The required output is the exact run of lines below that opens at the line with "Audi A5 - 4" and closes at the line with "EKM-6000.3/2-W Весы электронные крановые".

[Stored data entries]
++++++
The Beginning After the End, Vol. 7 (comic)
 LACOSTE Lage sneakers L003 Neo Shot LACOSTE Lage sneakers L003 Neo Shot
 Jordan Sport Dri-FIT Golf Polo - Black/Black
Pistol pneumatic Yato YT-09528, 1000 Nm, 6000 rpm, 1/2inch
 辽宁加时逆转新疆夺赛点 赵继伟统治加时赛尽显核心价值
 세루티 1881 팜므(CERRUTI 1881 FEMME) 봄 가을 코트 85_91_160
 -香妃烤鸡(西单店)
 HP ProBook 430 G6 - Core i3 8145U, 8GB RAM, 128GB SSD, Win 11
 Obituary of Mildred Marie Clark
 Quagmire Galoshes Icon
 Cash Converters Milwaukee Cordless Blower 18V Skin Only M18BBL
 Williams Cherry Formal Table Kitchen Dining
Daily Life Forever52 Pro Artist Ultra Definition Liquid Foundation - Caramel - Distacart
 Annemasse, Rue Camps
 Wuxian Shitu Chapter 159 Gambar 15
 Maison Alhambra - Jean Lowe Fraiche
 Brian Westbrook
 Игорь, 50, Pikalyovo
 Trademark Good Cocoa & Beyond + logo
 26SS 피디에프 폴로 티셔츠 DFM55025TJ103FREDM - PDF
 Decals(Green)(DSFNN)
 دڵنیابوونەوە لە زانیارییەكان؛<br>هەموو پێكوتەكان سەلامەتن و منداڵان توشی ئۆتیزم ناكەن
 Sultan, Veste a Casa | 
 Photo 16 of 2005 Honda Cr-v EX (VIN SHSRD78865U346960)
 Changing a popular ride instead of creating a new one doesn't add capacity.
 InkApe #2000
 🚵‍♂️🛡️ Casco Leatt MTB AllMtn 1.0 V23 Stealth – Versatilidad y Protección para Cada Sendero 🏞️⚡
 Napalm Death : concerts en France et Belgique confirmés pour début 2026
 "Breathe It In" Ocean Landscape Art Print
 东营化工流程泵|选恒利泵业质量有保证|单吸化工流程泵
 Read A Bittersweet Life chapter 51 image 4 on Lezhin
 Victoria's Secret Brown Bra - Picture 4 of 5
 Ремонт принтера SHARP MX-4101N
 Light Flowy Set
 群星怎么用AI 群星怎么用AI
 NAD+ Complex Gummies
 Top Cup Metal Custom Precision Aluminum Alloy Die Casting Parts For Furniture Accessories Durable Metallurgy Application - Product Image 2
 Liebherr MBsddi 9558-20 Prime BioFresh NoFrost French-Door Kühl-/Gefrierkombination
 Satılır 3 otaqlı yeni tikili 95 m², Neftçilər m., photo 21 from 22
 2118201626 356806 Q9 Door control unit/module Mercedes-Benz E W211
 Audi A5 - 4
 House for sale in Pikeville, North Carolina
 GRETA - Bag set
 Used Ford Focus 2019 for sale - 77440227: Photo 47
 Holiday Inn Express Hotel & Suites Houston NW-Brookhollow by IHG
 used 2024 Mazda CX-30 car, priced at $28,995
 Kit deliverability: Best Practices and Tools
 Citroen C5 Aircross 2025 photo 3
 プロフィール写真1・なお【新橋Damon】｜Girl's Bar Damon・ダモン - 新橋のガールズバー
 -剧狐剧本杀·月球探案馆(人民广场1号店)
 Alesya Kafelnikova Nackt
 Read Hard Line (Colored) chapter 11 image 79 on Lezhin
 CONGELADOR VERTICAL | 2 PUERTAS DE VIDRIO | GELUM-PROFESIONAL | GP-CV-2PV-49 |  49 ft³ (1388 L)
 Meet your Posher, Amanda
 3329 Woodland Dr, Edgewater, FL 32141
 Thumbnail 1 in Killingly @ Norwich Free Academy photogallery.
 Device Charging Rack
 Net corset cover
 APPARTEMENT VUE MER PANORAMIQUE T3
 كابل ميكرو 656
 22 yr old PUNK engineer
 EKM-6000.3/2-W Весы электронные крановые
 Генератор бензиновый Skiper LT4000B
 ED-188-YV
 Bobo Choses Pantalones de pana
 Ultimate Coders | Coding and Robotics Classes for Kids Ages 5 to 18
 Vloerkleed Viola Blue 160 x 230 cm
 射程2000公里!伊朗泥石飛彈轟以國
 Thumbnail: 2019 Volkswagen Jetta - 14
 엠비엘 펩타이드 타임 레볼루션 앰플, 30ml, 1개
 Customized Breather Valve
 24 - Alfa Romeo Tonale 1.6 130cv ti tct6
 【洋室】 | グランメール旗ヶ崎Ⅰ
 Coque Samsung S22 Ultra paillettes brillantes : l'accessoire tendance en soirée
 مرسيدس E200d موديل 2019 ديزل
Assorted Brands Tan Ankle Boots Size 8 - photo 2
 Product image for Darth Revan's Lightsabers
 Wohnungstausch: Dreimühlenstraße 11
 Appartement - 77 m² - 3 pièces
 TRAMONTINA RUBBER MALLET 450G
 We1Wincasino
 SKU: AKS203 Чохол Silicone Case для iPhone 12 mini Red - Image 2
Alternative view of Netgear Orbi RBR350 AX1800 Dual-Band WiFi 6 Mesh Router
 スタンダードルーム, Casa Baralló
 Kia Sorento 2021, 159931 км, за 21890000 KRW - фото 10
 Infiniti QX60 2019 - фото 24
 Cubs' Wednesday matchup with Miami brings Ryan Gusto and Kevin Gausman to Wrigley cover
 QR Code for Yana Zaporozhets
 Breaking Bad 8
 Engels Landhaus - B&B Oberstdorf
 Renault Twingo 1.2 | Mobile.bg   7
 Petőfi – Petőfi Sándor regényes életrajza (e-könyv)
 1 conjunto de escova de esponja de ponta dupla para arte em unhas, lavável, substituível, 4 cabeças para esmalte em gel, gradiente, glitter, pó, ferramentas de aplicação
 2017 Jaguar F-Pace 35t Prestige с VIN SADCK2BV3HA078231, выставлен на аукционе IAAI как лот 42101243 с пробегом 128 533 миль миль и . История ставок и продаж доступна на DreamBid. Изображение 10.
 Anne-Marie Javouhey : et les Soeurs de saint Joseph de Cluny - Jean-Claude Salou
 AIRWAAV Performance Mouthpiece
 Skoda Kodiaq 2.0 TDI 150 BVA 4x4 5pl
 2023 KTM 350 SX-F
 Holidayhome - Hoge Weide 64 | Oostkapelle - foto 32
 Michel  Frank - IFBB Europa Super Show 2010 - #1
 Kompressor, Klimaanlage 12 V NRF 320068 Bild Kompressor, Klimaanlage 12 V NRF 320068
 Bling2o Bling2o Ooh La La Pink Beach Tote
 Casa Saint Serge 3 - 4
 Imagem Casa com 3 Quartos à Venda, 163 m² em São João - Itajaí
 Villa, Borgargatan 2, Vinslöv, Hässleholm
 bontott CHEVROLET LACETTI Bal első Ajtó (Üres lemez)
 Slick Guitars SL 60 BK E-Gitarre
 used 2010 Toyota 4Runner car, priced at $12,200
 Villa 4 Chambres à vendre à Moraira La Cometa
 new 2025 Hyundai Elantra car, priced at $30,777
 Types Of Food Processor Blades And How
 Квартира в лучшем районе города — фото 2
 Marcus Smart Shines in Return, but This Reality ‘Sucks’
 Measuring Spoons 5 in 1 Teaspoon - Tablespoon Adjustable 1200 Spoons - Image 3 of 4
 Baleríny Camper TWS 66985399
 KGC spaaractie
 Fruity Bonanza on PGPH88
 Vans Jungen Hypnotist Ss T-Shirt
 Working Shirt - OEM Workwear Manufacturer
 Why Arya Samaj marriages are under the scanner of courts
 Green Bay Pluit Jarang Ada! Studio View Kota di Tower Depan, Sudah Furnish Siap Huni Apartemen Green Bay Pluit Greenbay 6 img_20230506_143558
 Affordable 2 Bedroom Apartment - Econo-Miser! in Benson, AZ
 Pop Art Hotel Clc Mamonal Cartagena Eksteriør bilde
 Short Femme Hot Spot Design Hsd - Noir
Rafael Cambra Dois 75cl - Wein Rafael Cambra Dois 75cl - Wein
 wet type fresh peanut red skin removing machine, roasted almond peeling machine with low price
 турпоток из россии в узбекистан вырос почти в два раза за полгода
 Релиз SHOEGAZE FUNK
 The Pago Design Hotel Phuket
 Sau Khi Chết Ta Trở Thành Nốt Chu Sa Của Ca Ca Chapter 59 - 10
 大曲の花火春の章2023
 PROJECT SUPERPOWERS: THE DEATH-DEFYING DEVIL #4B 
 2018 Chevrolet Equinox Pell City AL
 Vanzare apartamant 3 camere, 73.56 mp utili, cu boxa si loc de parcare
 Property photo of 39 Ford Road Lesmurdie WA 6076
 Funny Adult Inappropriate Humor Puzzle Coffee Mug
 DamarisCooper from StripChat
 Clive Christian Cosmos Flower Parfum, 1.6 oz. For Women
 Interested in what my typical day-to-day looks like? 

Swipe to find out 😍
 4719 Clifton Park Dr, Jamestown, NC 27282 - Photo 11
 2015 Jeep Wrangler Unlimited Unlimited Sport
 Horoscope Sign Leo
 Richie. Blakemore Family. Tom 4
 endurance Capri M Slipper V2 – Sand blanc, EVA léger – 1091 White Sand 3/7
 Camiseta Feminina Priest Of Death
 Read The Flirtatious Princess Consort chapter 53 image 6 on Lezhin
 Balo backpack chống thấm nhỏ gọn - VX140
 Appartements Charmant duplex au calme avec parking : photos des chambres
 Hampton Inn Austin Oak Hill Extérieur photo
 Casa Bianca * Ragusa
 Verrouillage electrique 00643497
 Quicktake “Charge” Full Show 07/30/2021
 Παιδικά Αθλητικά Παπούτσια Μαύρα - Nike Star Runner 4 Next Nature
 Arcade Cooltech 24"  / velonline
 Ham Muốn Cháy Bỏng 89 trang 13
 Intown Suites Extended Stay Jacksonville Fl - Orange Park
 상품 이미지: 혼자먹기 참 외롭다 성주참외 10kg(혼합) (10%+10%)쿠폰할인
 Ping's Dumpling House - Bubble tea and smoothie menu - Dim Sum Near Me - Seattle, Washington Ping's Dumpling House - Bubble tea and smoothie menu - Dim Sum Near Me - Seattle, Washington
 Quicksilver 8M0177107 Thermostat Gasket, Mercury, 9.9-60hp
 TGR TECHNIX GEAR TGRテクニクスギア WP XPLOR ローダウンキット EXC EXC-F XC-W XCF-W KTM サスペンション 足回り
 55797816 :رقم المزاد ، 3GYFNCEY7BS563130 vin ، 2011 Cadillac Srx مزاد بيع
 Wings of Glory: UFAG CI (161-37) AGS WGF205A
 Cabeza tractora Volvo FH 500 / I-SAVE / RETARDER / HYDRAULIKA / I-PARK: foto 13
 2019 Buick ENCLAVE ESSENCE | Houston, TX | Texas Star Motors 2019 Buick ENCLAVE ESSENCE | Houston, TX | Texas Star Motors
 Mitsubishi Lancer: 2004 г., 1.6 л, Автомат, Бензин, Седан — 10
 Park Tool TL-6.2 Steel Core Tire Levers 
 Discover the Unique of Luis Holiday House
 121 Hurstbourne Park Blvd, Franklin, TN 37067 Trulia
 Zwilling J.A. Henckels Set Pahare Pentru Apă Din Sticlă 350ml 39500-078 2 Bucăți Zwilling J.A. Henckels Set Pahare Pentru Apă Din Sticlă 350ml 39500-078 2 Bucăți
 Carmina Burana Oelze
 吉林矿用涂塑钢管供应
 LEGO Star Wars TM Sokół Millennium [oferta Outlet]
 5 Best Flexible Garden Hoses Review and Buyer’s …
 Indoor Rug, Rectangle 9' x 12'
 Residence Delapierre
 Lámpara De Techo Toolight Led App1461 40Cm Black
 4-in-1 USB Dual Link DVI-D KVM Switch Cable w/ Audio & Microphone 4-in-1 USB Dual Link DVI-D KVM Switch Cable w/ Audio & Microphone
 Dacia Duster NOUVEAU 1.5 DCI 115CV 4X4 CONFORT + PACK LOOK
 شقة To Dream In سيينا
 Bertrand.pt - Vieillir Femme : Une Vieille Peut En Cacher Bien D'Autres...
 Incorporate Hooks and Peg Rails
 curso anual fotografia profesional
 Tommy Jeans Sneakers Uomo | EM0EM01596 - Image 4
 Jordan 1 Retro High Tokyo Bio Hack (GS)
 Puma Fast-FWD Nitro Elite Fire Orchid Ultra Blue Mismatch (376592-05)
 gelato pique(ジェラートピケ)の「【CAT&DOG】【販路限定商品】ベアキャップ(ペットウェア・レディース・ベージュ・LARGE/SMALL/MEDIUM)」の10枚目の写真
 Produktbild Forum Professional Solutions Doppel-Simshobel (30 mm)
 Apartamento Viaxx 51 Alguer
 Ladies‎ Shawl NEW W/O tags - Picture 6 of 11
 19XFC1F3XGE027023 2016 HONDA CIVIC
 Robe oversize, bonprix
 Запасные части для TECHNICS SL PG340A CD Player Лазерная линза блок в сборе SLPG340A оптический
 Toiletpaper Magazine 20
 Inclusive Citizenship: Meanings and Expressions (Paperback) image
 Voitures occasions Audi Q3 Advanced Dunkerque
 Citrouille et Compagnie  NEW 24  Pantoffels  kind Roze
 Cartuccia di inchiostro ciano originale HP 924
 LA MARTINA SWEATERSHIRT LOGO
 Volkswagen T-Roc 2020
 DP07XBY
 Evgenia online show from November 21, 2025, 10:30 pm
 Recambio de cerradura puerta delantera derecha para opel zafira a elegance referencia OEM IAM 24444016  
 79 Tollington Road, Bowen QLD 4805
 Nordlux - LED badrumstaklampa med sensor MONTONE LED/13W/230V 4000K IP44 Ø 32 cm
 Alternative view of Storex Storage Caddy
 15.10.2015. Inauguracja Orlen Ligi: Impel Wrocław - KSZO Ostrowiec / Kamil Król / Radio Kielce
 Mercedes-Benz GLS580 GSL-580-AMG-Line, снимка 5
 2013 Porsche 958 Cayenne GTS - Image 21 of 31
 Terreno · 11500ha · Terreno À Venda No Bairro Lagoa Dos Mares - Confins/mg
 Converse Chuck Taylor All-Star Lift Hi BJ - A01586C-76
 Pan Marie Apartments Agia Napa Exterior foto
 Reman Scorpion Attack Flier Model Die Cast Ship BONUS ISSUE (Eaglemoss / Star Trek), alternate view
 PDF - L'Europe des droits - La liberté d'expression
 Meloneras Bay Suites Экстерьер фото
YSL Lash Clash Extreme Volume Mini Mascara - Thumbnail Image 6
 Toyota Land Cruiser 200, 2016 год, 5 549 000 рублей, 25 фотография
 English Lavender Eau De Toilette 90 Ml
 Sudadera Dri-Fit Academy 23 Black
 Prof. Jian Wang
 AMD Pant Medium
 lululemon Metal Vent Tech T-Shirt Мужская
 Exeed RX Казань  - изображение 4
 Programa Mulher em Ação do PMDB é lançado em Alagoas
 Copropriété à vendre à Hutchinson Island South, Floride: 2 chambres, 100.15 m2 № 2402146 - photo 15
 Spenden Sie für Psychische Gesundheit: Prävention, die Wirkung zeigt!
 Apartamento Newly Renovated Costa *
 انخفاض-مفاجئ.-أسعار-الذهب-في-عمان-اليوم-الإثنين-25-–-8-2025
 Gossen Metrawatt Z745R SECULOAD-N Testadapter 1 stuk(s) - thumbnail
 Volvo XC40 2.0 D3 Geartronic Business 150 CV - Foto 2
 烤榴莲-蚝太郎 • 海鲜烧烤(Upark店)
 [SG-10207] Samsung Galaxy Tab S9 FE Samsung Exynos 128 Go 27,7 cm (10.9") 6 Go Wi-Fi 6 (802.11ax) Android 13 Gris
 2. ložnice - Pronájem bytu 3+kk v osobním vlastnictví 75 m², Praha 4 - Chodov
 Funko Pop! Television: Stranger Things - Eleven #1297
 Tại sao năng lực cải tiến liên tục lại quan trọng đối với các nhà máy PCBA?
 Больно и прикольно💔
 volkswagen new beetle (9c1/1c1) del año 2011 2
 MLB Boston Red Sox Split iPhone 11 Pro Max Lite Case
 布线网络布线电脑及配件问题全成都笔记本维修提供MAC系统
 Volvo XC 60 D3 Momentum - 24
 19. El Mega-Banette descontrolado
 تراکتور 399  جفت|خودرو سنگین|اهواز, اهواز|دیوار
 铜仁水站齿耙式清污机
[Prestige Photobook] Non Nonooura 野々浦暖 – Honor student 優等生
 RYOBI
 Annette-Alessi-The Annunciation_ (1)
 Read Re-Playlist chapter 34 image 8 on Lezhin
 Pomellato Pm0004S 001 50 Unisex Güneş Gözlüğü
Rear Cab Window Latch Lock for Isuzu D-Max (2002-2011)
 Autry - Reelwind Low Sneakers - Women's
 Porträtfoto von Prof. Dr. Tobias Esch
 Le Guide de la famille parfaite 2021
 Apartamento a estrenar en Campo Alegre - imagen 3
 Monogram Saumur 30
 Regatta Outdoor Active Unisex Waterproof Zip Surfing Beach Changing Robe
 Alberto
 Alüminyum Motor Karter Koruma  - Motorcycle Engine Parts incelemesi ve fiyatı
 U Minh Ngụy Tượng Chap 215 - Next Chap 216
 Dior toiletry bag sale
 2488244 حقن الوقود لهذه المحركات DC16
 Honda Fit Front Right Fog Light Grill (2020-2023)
++++++
> [RESULT BELOW]
 Audi A5 - 4
 House for sale in Pikeville, North Carolina
 GRETA - Bag set
 Used Ford Focus 2019 for sale - 77440227: Photo 47
 Holiday Inn Express Hotel & Suites Houston NW-Brookhollow by IHG
 used 2024 Mazda CX-30 car, priced at $28,995
 Kit deliverability: Best Practices and Tools
 Citroen C5 Aircross 2025 photo 3
 プロフィール写真1・なお【新橋Damon】｜Girl's Bar Damon・ダモン - 新橋のガールズバー
 -剧狐剧本杀·月球探案馆(人民广场1号店)
 Alesya Kafelnikova Nackt
 Read Hard Line (Colored) chapter 11 image 79 on Lezhin
 CONGELADOR VERTICAL | 2 PUERTAS DE VIDRIO | GELUM-PROFESIONAL | GP-CV-2PV-49 |  49 ft³ (1388 L)
 Meet your Posher, Amanda
 3329 Woodland Dr, Edgewater, FL 32141
 Thumbnail 1 in Killingly @ Norwich Free Academy photogallery.
 Device Charging Rack
 Net corset cover
 APPARTEMENT VUE MER PANORAMIQUE T3
 كابل ميكرو 656
 22 yr old PUNK engineer
 EKM-6000.3/2-W Весы электронные крановые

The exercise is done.